I have this function: $$\lambda=d \sin\left(\arctan\left(\frac{x}{z}\right)\right)$$ and I want to find its absolute error. d is a constant ($10^{-6}$), x is $(0.716 \pm 0.001) m $ , and z is $(1.000 \pm 0.001) m $. For the error of $\lambda$, $$\Delta\lambda=\sqrt{\left(\frac{\partial\lambda}{\partial x}\Delta x\right)^2 + \left(\frac{\partial\lambda}{\partial z}\Delta z\right)^2}=d\sqrt{\left(\frac{z\Delta x}{(z^2+x^2)(\sqrt{\frac{x^2}{z^2}+1})}\right)^2 + \left(\frac{x\Delta z}{(z^2+x^2)(\sqrt{\frac{x^2}{z^2}+1})}\right)^2}$$
And I have obtained $6.6 \cdot 10^{-10} m$. I expect a much larger error.

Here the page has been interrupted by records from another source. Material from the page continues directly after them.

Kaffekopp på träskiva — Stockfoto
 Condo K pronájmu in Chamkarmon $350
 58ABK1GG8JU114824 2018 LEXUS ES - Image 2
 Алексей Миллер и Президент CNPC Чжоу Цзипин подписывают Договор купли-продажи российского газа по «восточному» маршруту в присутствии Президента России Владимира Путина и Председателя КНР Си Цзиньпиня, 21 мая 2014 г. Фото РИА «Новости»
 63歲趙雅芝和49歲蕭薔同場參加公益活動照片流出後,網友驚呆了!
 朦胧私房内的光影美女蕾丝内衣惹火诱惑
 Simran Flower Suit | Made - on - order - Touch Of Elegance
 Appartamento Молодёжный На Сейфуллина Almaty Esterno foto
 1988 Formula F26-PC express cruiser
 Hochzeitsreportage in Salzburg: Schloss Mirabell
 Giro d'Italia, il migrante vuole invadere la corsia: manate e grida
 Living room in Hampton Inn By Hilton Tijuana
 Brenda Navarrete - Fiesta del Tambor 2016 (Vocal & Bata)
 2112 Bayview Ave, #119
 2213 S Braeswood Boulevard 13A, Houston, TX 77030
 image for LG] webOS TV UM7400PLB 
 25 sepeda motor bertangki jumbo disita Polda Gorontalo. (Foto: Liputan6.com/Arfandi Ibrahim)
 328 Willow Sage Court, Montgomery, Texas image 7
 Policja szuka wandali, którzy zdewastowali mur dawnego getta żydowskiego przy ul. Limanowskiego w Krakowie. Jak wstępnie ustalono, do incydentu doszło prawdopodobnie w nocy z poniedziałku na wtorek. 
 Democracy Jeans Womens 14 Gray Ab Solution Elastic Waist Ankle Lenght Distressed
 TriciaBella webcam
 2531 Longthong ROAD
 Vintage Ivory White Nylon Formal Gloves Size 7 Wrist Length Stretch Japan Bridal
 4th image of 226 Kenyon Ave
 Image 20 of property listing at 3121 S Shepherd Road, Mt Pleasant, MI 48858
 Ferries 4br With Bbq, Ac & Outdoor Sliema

What's wrong? The formula?
Thanks a lot
A suggestion: when dealing with error propagation, try always to reduce the problem as much as possible. It's terribly easy to make a mistake when dealing with those little numbers. Now, note that for positive $\cos t$ you have: $$\sin t= \tan t \cos t=\frac{\tan t}{\sqrt{1+\tan ^2t}}.$$ Substituting $t=\arctan \xi$, you get:$$ \sin (\arctan \xi)=\dfrac{\xi}{\sqrt{1+\xi ^2}}=\dfrac{1}{\sqrt{\xi ^{-2}+1}}.$$ Now:
a) Compute the uncertainty for $\xi ^{-1}=z/x.$
b) $\Delta({\sqrt{1+t}})\approx\dfrac{d{\sqrt{1+t}}}{dt}\cdot \Delta t=\dfrac{\Delta t}{2\sqrt{1+t}}.$
c) The relative uncertainty for $1/p$ is the same of $p$ (why?).